November 2, 2011

The cool aspects of Odiago WibiData

Christophe Bisciglia and Aaron Kimball have a new company.

It’s called Odiago, and is one of my gratifyingly more numerous tiny clients.
Odiago’s product line is called WibiData, after the justly popular We Be Sushi restaurants.
We’ve agreed on a split exclusive de-stealthing launch. You can read about the company/founder/investor stuff on TechCrunch. But this is the place for — well, for the tech crunch.

WibiData is designed for management of, investigative analytics on, and operational analytics on consumer internet data, the main examples of which are web site traffic and personalization and their analogues for games and/or mobile devices. The core WibiData technology, built on HBase and Hadoop,* is a data management and analytic execution layer. That’s where the secret sauce resides. Also included are:

REST APIs for interactive access.
Import/export tools, including JDBC access.
Management tools.
Analytic libraries — data mining, predictive analytics, machine learning, and so on.

The whole thing is in beta, with about three (paying) beta customers.

*And Avro and so on.

The core ideas of WibiData include:

ALL data pertaining to a single user (or mobile device) is kept in a single, possibly very long, HBase row.
There are two primary operators in WibiData, Produce and Gather.
- Produce operates on single rows. It can operate on one row at HBase speed (milliseconds) if you need to inform an interactive user response.
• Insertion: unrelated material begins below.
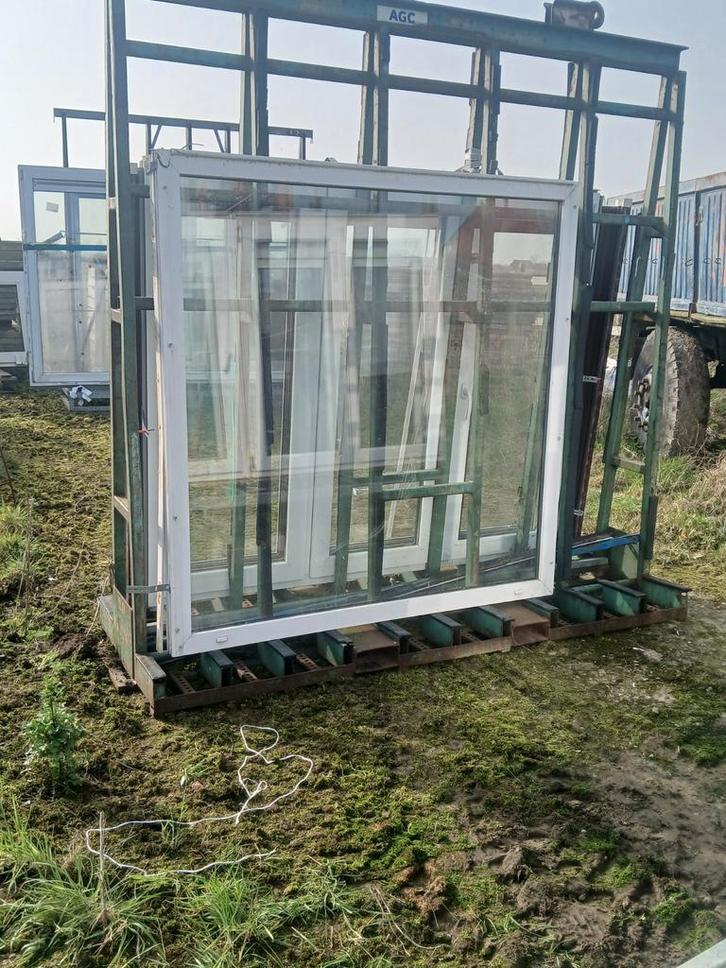 Verschillende pvc ramen wit dubbel glas, Doe-het-zelf en Bouw, Raamkozijnen en Schuifdeuren, Ophalen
Or it can operate on the whole database in batch via Hadoop MapReduce.
- It is reasonable to think of Produce as mainly doing two things. One is the aforementioned serving of data out of WibiData into interactive applications. The other is scoring, classifying, recommending, etc. on individual users (i.e. rows), in line with an analytic model.
- Gather typically operates on all your rows at once, and emits suitable input for a MapReduce Reduce step. It is reasonable to think of Gather as being a key cog in the training of analytic models.
HBase schema management is done at the WibiData system level, not directly in applications. There’s a WibiData HBase data dictionary, powered by a set of system tables, that specifies cell data types/record types and, in effect, primitive schemas.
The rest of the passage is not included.